The second panel that The CW presented yesterday was for an observational reality series titled Remodeled, about modeling agent and businessman Paul Fisher and his new venture, in which he links together small agencies from around the world into one bigger brand. I haven't seen the show, but the session was more interesting than I had anticipated, as there was much talk about social responsibility, body issues and Fisher's desire to popularize models of healthier weight than has recently been the norm.

Unfortunately, The CW did not offer a session with its new entertainment president Mark Pedowitz. In fairness, Pedowitz was in the room and ready to chat with anyone during the two panels and the cocktail party that followed. But it was still somewhat surprising that he didn't do a formal question and answer session, given the uproar that greeted CBS' announcement earlier in the week that its entertainment president, Nina Tassler, would not take the stage during its TCA day. (As reported yesterday, Tassler changed her mind and a productive time was had by all.) Then again, I didn't hear any complaints about it, so I guess it wasn't a problem.

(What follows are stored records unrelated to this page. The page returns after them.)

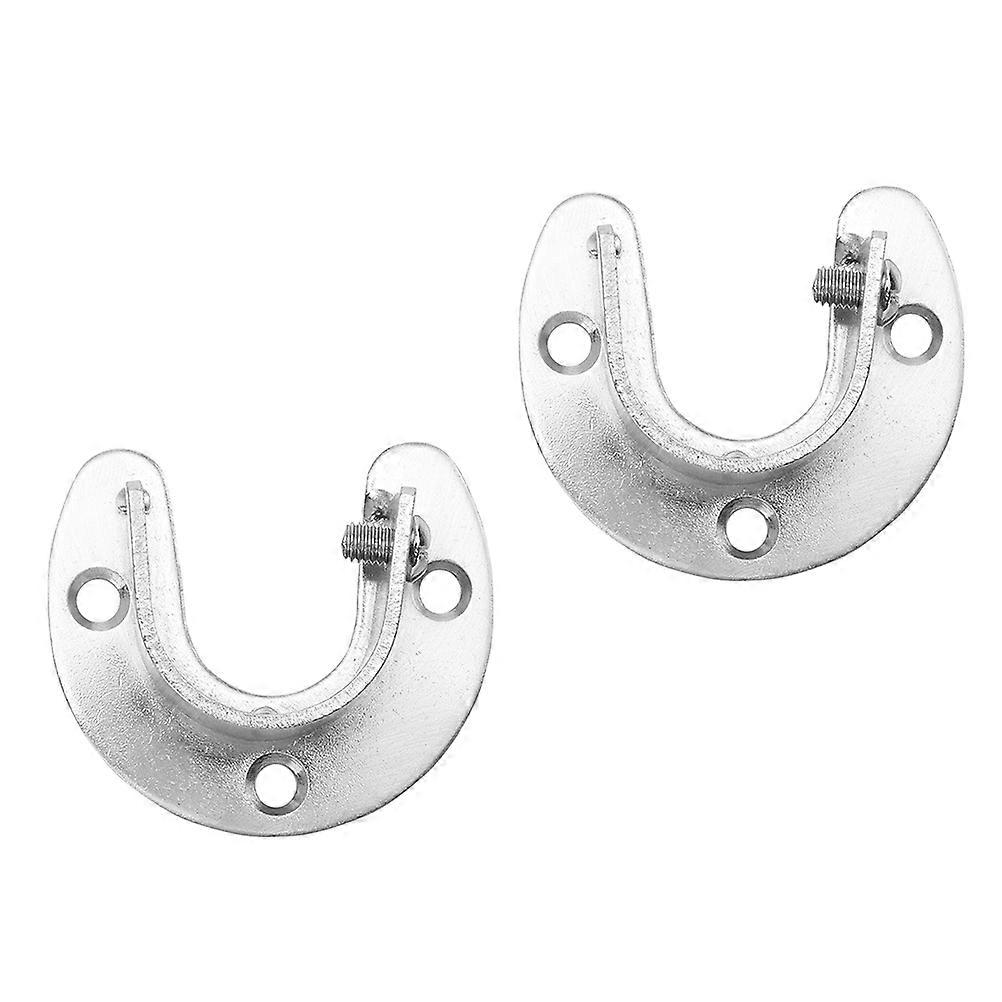 Stainless Steel Wardrobe Flange Rod Holder Half Opening Closet Pipe Bracket Support with Side Fixing Screw Easy Installation Versatile Design for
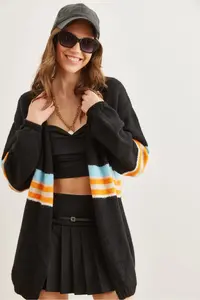Olalook Women's Black Colored Striped Soft Textured Knitwear Cardigan - Image 5
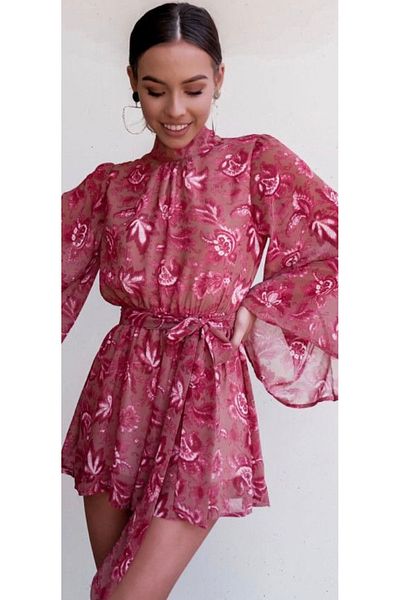 FASHION COCKTAIL Chiffon Flying Summer Bohemian Shorts Jumpsuit with Wide Sleeve Shawl Pattern Back Low-Cut Belt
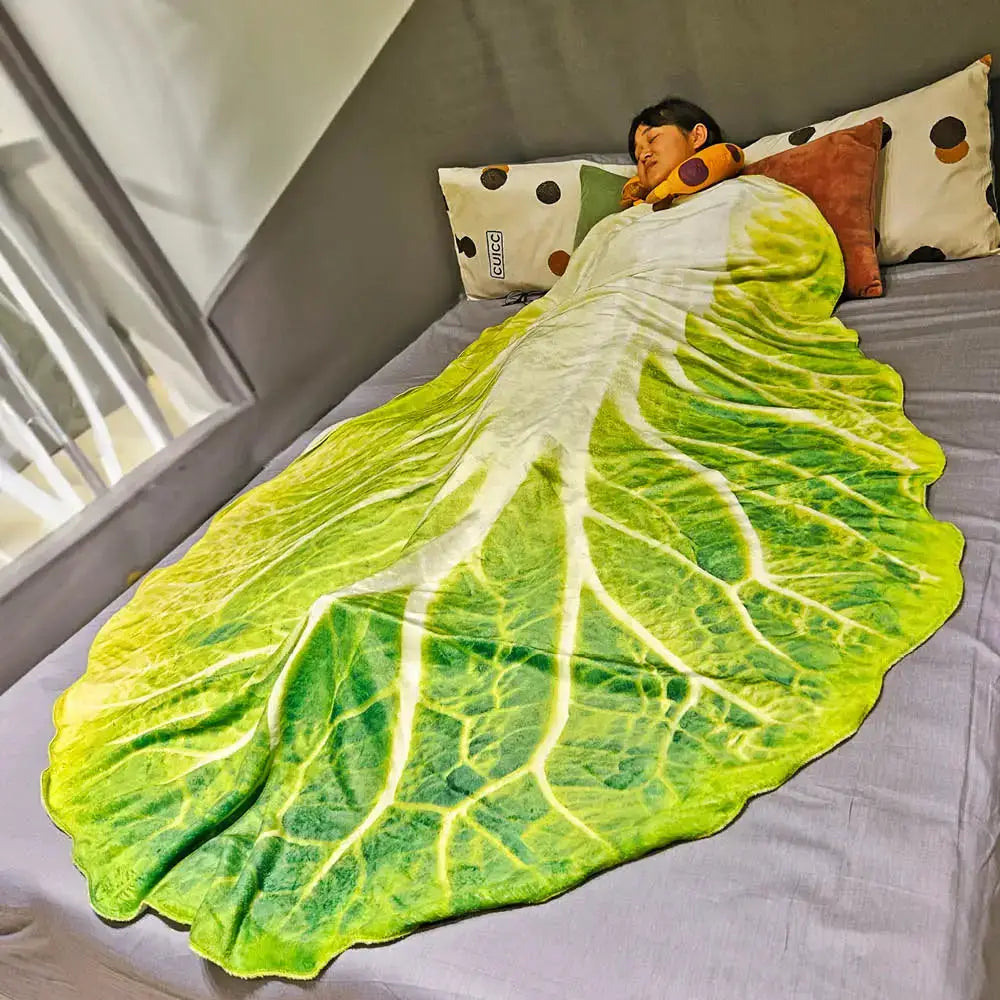 Double Sided Flannel Throw Blanket With Cabbage Pattern For Living Room Home Decor Sofa Cozy Warm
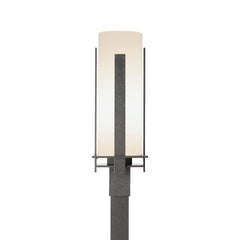 Hubbardton Forge 347288 Forged Vertical Bars Outdoor Post Light, Dimmable, Opal Glass Shade, 150W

Earlier in the day, Showtime presented panels for four series plus an executive session with the pay-cable network's President of Entertainment, David Nevins. I can't say that there were any particularly exciting moments during its sessions, but collectively the network did a fine job of promoting two returning series – Shameless and The Borgias – and two new ones – House of Lies, which recently debuted, and Inside Comedy, a talk program in which comedian David Steinberg interviews comedy superstars. Tim Conway and Larry David were on hand to help Steinberg introduce the show, proving that Showtime could deliver the bad-ass, as well.